Subsequent Loss of Stability, Mobility, and Function in the Lower Back and Leg
Without appropriate treatment and care, certain underlying causes of sciatica can cause a cascade of neurological and musculoskeletal events, resulting in troubling symptoms and signs in the lower body, leading to weakness and loss of function in the lower back and leg(s). These spinal changes may include:
- Decrease in vertebral stability, leading to abnormal posture8,9
- Reduction in joint range of motion in the hip and knee, interrupting the biomechanics in the spine and pelvis10,11
- Increase in spinal degeneration, leading to further deterioration of the affected spinal segment12
- Weakening of muscles in the hip and knee joints, causing reduced mobility in the lower back and leg11
- Decrease in blood circulation to the spinal muscles, leading to poor healing and restoration of spinal tissues13
- Inflammation of nerves, causing neural tension and stiffness13
- Biochemical changes in the small blood vessels that supply the affected regions (microvascular changes), causing pain13
Over time, muscle weakness may progress or become chronic.
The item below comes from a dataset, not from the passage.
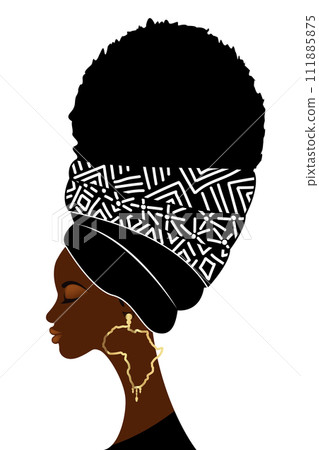 Portrait african woman with traditional head turban for Afro Curly hair. Africa luxury gold earrings. Typical headscarf. Beauty ethnic fashion design. Vector illustration isolated on white background 111885875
When muscles are fatigued for long periods of time, muscular shortening and eventually decrease in muscle mass or atrophy may occur, resulting in joint pain and stiffness.14
Sciatica or symptoms that mimic sciatica must be evaluated by a medical professional trained in musculoskeletal disorders of the spine, such as a Physical Medicine and Rehabilitation specialist (physiatrist), orthopedic surgeon, neurologist, or neurosurgeon. An accurate diagnosis and prompt treatment can prevent the underlying condition from becoming worse or chronic. Sciatica typically resolves within 4 to 6 weeks,5 but in some cases, depending on the cause, the symptoms may become chronic and last up to 12 months.15
Intractable pain and/or weakness in the lower back and legs with other troubling symptoms, such as loss or bowel and/or bladder control and/or loss of sensation in the inner thigh/groin area may indicate a more serious underlying problem, such as cauda equina syndrome.
These medical emergencies must be treated on an urgent basis to preserve leg function and prevent irreversible damage to the nerves.